Records drawn from a dataset:
********
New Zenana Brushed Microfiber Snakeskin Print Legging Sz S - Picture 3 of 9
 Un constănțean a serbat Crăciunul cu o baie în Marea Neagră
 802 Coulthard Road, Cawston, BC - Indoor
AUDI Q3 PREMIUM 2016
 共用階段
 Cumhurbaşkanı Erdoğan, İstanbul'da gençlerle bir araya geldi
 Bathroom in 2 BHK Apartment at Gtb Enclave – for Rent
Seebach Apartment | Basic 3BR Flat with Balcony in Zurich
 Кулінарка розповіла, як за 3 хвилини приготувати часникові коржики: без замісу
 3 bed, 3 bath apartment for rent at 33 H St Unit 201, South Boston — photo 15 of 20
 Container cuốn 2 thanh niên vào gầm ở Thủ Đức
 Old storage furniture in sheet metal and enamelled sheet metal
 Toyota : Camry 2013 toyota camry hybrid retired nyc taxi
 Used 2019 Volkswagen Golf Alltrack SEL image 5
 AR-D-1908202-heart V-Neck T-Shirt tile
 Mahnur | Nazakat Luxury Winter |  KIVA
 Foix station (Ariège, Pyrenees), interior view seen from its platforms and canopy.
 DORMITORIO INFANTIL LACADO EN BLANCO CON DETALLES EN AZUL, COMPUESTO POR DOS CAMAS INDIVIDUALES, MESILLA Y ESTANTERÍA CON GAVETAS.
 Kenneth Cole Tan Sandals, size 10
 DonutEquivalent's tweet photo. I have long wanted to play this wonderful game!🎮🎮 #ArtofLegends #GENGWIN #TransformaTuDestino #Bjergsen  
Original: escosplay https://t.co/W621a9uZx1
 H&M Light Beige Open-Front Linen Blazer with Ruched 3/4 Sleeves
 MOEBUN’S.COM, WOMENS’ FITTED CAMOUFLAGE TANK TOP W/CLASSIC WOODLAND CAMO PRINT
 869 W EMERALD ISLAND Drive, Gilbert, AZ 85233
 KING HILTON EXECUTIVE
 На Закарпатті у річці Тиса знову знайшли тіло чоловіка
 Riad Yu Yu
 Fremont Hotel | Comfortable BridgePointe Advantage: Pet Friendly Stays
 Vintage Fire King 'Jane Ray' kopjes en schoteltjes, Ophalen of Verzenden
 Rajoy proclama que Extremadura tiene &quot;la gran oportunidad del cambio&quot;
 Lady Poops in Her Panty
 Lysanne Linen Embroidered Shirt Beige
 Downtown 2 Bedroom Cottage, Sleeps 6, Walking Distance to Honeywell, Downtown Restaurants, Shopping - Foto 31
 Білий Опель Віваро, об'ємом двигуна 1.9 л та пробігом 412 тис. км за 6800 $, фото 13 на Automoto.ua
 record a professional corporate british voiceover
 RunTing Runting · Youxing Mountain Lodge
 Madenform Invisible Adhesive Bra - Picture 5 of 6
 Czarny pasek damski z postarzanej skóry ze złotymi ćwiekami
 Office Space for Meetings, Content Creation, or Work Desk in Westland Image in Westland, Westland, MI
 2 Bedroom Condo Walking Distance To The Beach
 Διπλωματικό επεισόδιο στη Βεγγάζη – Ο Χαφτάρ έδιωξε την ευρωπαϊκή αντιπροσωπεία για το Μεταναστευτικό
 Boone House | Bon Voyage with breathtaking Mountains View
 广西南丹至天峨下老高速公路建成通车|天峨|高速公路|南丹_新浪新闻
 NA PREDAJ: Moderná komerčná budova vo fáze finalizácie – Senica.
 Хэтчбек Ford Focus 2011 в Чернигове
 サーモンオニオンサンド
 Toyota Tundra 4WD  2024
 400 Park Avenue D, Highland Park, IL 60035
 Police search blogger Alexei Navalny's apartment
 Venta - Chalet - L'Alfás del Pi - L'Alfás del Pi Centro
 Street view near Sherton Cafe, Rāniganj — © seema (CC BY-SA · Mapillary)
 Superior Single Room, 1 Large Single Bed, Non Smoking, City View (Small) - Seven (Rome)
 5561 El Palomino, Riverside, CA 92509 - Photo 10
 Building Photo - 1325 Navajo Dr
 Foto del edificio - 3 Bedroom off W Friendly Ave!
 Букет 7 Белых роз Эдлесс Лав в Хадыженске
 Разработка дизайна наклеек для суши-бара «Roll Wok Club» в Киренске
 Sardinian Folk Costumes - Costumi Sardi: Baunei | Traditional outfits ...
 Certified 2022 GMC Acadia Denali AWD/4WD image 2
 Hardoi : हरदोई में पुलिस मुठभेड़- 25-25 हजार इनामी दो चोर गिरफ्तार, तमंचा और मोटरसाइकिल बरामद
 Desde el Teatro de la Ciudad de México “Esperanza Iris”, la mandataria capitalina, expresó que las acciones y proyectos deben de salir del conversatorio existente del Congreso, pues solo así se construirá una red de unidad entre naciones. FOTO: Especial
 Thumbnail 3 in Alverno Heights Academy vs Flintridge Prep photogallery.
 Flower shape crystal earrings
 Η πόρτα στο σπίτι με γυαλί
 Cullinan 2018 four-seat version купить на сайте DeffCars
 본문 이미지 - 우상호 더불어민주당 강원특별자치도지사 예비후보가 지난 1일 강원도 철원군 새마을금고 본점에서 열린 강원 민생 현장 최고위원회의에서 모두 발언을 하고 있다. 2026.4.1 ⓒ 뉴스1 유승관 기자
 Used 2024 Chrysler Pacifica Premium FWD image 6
********
ASSIGNMENT: Exactly as written, please transcribe the lines from the start of the records above to the line that holds "RunTing Runting · Youxing Mountain Lodge", both ends included.

EXERCISE RESPONSE:
New Zenana Brushed Microfiber Snakeskin Print Legging Sz S - Picture 3 of 9
 Un constănțean a serbat Crăciunul cu o baie în Marea Neagră
 802 Coulthard Road, Cawston, BC - Indoor
AUDI Q3 PREMIUM 2016
 共用階段
 Cumhurbaşkanı Erdoğan, İstanbul'da gençlerle bir araya geldi
 Bathroom in 2 BHK Apartment at Gtb Enclave – for Rent
Seebach Apartment | Basic 3BR Flat with Balcony in Zurich
 Кулінарка розповіла, як за 3 хвилини приготувати часникові коржики: без замісу
 3 bed, 3 bath apartment for rent at 33 H St Unit 201, South Boston — photo 15 of 20
 Container cuốn 2 thanh niên vào gầm ở Thủ Đức
 Old storage furniture in sheet metal and enamelled sheet metal
 Toyota : Camry 2013 toyota camry hybrid retired nyc taxi
 Used 2019 Volkswagen Golf Alltrack SEL image 5
 AR-D-1908202-heart V-Neck T-Shirt tile
 Mahnur | Nazakat Luxury Winter |  KIVA
 Foix station (Ariège, Pyrenees), interior view seen from its platforms and canopy.
 DORMITORIO INFANTIL LACADO EN BLANCO CON DETALLES EN AZUL, COMPUESTO POR DOS CAMAS INDIVIDUALES, MESILLA Y ESTANTERÍA CON GAVETAS.
 Kenneth Cole Tan Sandals, size 10
 DonutEquivalent's tweet photo. I have long wanted to play this wonderful game!🎮🎮 #ArtofLegends #GENGWIN #TransformaTuDestino #Bjergsen  
Original: escosplay https://t.co/W621a9uZx1
 H&M Light Beige Open-Front Linen Blazer with Ruched 3/4 Sleeves
 MOEBUN’S.COM, WOMENS’ FITTED CAMOUFLAGE TANK TOP W/CLASSIC WOODLAND CAMO PRINT
 869 W EMERALD ISLAND Drive, Gilbert, AZ 85233
 KING HILTON EXECUTIVE
 На Закарпатті у річці Тиса знову знайшли тіло чоловіка
 Riad Yu Yu
 Fremont Hotel | Comfortable BridgePointe Advantage: Pet Friendly Stays
 Vintage Fire King 'Jane Ray' kopjes en schoteltjes, Ophalen of Verzenden
 Rajoy proclama que Extremadura tiene &quot;la gran oportunidad del cambio&quot;
 Lady Poops in Her Panty
 Lysanne Linen Embroidered Shirt Beige
 Downtown 2 Bedroom Cottage, Sleeps 6, Walking Distance to Honeywell, Downtown Restaurants, Shopping - Foto 31
 Білий Опель Віваро, об'ємом двигуна 1.9 л та пробігом 412 тис. км за 6800 $, фото 13 на Automoto.ua
 record a professional corporate british voiceover
 RunTing Runting · Youxing Mountain Lodge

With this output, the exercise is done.